The Oilers became the first road team to rally from down three to win a game in the final since the Montreal Canadiens against the Seattle Metropolitans in 1919. Only six teams have come back from down three in the final in NHL history, the last time in 2006.
Edmonton is very much in it now, even after it looked like it would be blown out of the series. The Oilers fell behind 3-0 in the first period on a pair of goals by Matthew Tkachuk and another with 41.7 seconds left from Anton Lundell, which could have been a backbreaker.
Coach Kris Knoblauch pulled Stuart Skinner after his starter allowed those three goals on 17 shots in the first, when the ice was tilted against him and his teammates did not have much of a pushback. In went Calvin Pickard, the journeyman backup who won all six of his starts this playoffs before getting injured.
Pickard made some acrobatic saves, stopping the first 18 shots he faced and paving the way for a once-in-a-century comeback.
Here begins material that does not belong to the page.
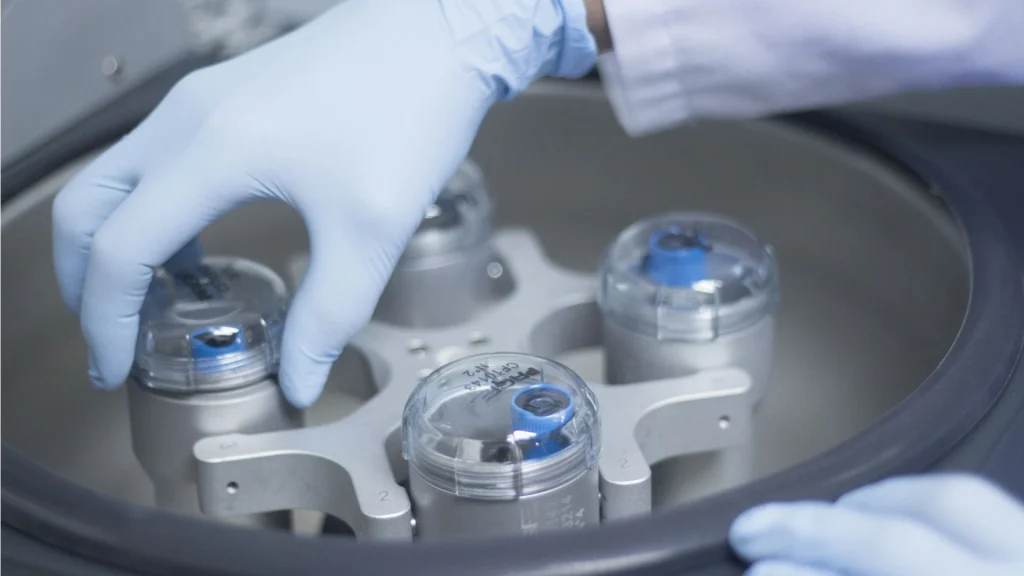 Tes platelet aggregation adalah pemeriksaan laboratorium yang digunakan untuk mengevaluasi seberapa baik trombosit (platelet) dalam darah berfungsi membentuk agregasi.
Ryan Nugent-Hopkins scored on Edmonton's first power play, Darnell Nurse beat Sergei Bobrovsky with another shot up high and Vasily Podkolzin made it 3-all with less than five minutes left in the second.
With Draisaitl in the penalty box to start the third, Oilers were on their heels for several minutes and relied on Pickard to keep the score tied. He turned aside every shot he faced until Walman fired the puck past Bobrovsky to silence a vast majority of the crowd and incite a roar out of the Edmonton fans among those in attendance along with Taylor Swift and Travis Kelce.
Panthers fans had one more chance to cheer when Reinhart tied it late. Then Draisaitl quieted them again.
With Hockey Hall of Famers Wayne Gretzky, Jaromir Jagr and Henrik Lundqvist also in the building, the Oilers made sure they would not go quietly and fall behind 3-1 in the final like they did last year. They forced Game 7 then but ultimately fell short, with Florida winning the Cup for the first time in franchise history.
Now each of these teams is a couple of victories away from being champions.